Added accuracy test for iris data

sanity / quickml

A fast and easy to use decision tree learner in java

http://quickml.org/

GNU Lesser General Public License v3.0

231 stars 54 forks source link

Added accuracy test for iris data #120

Closed mbatchkarov closed 8 years ago

mbatchkarov commented 9 years ago

This is a test to demonstrate #116 has not been resolved in 9ec1c3ff24e0d9291b27c1ac563e0.

I've deliberately increased the maximum depth and number a trees in your to make sure the classifier will overfit. Despite this, it predicts versicolor for all instances in the training set.

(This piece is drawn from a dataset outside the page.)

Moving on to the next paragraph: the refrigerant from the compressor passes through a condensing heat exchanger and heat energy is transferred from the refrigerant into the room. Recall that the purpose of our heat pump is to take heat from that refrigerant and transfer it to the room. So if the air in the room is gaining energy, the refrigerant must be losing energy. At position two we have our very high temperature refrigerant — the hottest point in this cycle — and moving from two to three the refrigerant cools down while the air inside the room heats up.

sanity commented 9 years ago

@athawk81 said he would investigate this, but mentioned that with a .7 skip attribute probability, but only 4 attributes, it wouldn't be surprising if this led to some stumpy trees, so this behavior might be expected.

athawk81 commented 9 years ago

the ignoreAttributeProbability is set to .7 by default. Given that there are only 4 attributes, the odds that all attributes will be ignored (and tree building will cease along that branch) are good. My guess is that you are probably getting shallow trees and as a consequence are just predicting the most common class for all training instances. How about try setting it to 0 or .2 and see what happens? I'll do this myself tomorrow if i don't here back from you.

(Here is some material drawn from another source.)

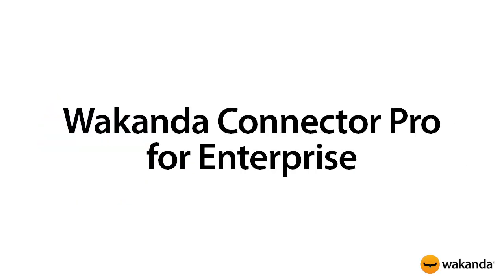Wakanda Connector Pro is a powerful feature available in Wakanda Enterprise. The connector allows you to connect multiple Wakanda servers to your application.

mbatchkarov commented 9 years ago

I've set that probability to 0-- see line 22 in the commit. Is there another parameter/field that needs to be set? If there is, the docs need an update.

athawk81 commented 9 years ago

Hey mbatchkarov, apologies for the delay. Please see the the test class quickml.supervised.classifier.randomForest.TestIrisAccuracy

on the most recent version of master. I created a random forest that gave different classifications for the different instances.

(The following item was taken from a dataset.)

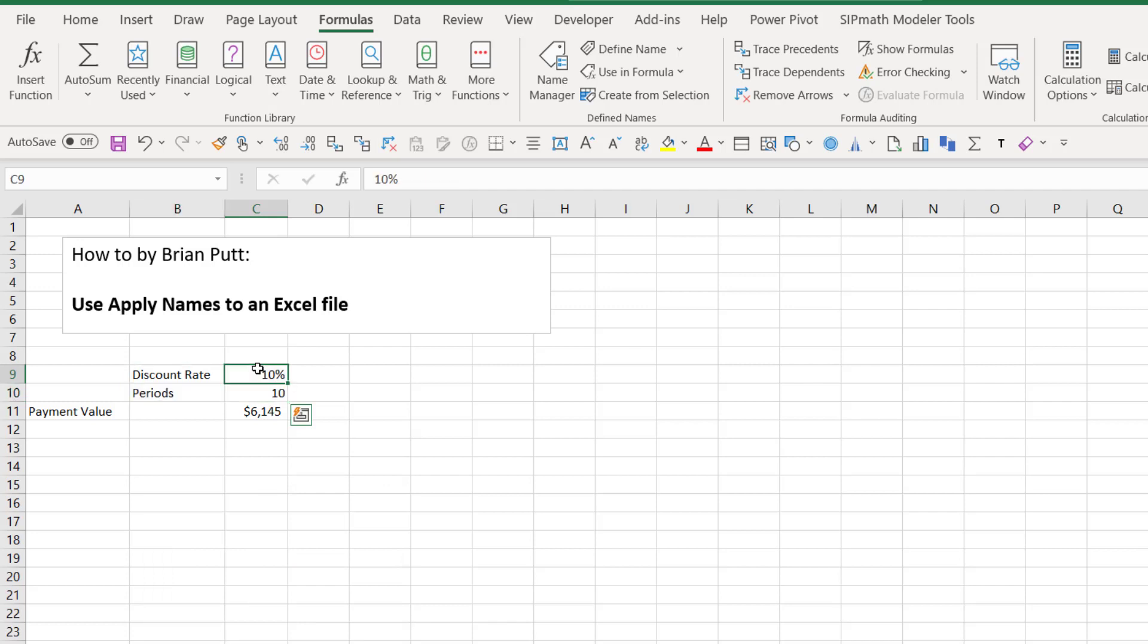And now when we come over here, you can see this is discount rate and this is periods. But these names are not used in this formula.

mbatchkarov commented 9 years ago

Hey, sorry it has taken me so long to get back to you. I still think the issue has not been resolved. In the first instance, please merge this pull request. In particular, I am interested in the last bit I've added, which calculates accuracy on the training set (somewhat naively). Do make any changes that you feel are appropriate, e.g.

calculate accuracy in a more concise way, if there is one already in quickml
tweak the settings of the random forest builder.

As it stands TestIrisAccuracy is just a smoke test and doesn't have anything to do with accuracy. I'd like to TestIrisAccuracy to be a self-contained example of how one gets good performance for the iris data as well as a test that quickml can do that.